● Assigned task
Exactly as written, transcribe the data that follows.

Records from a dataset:

★ ★ ★ ★ ★ ★ ★

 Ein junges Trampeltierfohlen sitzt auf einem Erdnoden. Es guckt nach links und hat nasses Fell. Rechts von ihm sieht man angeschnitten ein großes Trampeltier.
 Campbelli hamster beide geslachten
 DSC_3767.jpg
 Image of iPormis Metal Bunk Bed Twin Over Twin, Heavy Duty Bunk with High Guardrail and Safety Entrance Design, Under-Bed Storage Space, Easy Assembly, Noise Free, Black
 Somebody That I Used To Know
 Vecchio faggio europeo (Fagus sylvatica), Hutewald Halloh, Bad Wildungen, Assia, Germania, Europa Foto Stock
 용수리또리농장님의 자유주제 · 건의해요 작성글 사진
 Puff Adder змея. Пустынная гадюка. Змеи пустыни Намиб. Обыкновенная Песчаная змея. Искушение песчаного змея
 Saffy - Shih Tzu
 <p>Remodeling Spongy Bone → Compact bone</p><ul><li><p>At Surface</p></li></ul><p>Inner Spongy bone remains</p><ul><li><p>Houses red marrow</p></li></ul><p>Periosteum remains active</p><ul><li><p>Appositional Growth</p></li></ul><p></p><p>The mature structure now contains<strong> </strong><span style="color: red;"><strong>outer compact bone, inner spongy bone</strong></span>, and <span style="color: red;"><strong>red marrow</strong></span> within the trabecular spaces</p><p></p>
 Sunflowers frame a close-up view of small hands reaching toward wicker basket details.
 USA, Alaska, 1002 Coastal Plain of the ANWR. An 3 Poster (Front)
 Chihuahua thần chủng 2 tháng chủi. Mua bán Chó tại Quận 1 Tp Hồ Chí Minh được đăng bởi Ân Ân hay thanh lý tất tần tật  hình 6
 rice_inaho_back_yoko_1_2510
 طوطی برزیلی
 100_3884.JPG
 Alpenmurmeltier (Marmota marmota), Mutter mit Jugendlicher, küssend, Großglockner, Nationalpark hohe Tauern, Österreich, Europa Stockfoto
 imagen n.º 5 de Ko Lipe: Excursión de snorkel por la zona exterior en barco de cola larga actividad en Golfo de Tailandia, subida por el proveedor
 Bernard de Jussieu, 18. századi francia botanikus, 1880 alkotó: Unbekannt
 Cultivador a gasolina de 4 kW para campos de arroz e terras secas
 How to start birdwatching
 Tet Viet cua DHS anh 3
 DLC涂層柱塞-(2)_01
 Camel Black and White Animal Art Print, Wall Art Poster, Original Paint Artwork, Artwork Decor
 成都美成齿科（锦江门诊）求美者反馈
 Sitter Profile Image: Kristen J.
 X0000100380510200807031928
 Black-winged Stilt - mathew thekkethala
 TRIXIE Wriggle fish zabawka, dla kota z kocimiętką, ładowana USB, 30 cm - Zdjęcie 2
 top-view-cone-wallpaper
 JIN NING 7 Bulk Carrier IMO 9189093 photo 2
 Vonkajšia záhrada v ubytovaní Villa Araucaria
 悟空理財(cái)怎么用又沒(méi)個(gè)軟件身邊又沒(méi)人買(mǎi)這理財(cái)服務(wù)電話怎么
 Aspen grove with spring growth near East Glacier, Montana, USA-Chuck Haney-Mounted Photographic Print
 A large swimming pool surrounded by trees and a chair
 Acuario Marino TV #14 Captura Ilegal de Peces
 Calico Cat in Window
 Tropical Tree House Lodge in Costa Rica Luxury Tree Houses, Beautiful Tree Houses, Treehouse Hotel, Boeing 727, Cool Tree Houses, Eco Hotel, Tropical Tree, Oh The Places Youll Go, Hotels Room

★ ★ ★ ★ ★ ★ ★

● Completed exercise
 Ein junges Trampeltierfohlen sitzt auf einem Erdnoden. Es guckt nach links und hat nasses Fell. Rechts von ihm sieht man angeschnitten ein großes Trampeltier.
 Campbelli hamster beide geslachten
 DSC_3767.jpg
 Image of iPormis Metal Bunk Bed Twin Over Twin, Heavy Duty Bunk with High Guardrail and Safety Entrance Design, Under-Bed Storage Space, Easy Assembly, Noise Free, Black
 Somebody That I Used To Know
 Vecchio faggio europeo (Fagus sylvatica), Hutewald Halloh, Bad Wildungen, Assia, Germania, Europa Foto Stock
 용수리또리농장님의 자유주제 · 건의해요 작성글 사진
 Puff Adder змея. Пустынная гадюка. Змеи пустыни Намиб. Обыкновенная Песчаная змея. Искушение песчаного змея
 Saffy - Shih Tzu
 <p>Remodeling Spongy Bone → Compact bone</p><ul><li><p>At Surface</p></li></ul><p>Inner Spongy bone remains</p><ul><li><p>Houses red marrow</p></li></ul><p>Periosteum remains active</p><ul><li><p>Appositional Growth</p></li></ul><p></p><p>The mature structure now contains<strong> </strong><span style="color: red;"><strong>outer compact bone, inner spongy bone</strong></span>, and <span style="color: red;"><strong>red marrow</strong></span> within the trabecular spaces</p><p></p>
 Sunflowers frame a close-up view of small hands reaching toward wicker basket details.
 USA, Alaska, 1002 Coastal Plain of the ANWR. An 3 Poster (Front)
 Chihuahua thần chủng 2 tháng chủi. Mua bán Chó tại Quận 1 Tp Hồ Chí Minh được đăng bởi Ân Ân hay thanh lý tất tần tật  hình 6
 rice_inaho_back_yoko_1_2510
 طوطی برزیلی
 100_3884.JPG
 Alpenmurmeltier (Marmota marmota), Mutter mit Jugendlicher, küssend, Großglockner, Nationalpark hohe Tauern, Österreich, Europa Stockfoto
 imagen n.º 5 de Ko Lipe: Excursión de snorkel por la zona exterior en barco de cola larga actividad en Golfo de Tailandia, subida por el proveedor
 Bernard de Jussieu, 18. századi francia botanikus, 1880 alkotó: Unbekannt
 Cultivador a gasolina de 4 kW para campos de arroz e terras secas
 How to start birdwatching
 Tet Viet cua DHS anh 3
 DLC涂層柱塞-(2)_01
 Camel Black and White Animal Art Print, Wall Art Poster, Original Paint Artwork, Artwork Decor
 成都美成齿科（锦江门诊）求美者反馈
 Sitter Profile Image: Kristen J.
 X0000100380510200807031928
 Black-winged Stilt - mathew thekkethala
 TRIXIE Wriggle fish zabawka, dla kota z kocimiętką, ładowana USB, 30 cm - Zdjęcie 2
 top-view-cone-wallpaper
 JIN NING 7 Bulk Carrier IMO 9189093 photo 2
 Vonkajšia záhrada v ubytovaní Villa Araucaria
 悟空理財(cái)怎么用又沒(méi)個(gè)軟件身邊又沒(méi)人買(mǎi)這理財(cái)服務(wù)電話怎么
 Aspen grove with spring growth near East Glacier, Montana, USA-Chuck Haney-Mounted Photographic Print
 A large swimming pool surrounded by trees and a chair
 Acuario Marino TV #14 Captura Ilegal de Peces
 Calico Cat in Window
 Tropical Tree House Lodge in Costa Rica Luxury Tree Houses, Beautiful Tree Houses, Treehouse Hotel, Boeing 727, Cool Tree Houses, Eco Hotel, Tropical Tree, Oh The Places Youll Go, Hotels Room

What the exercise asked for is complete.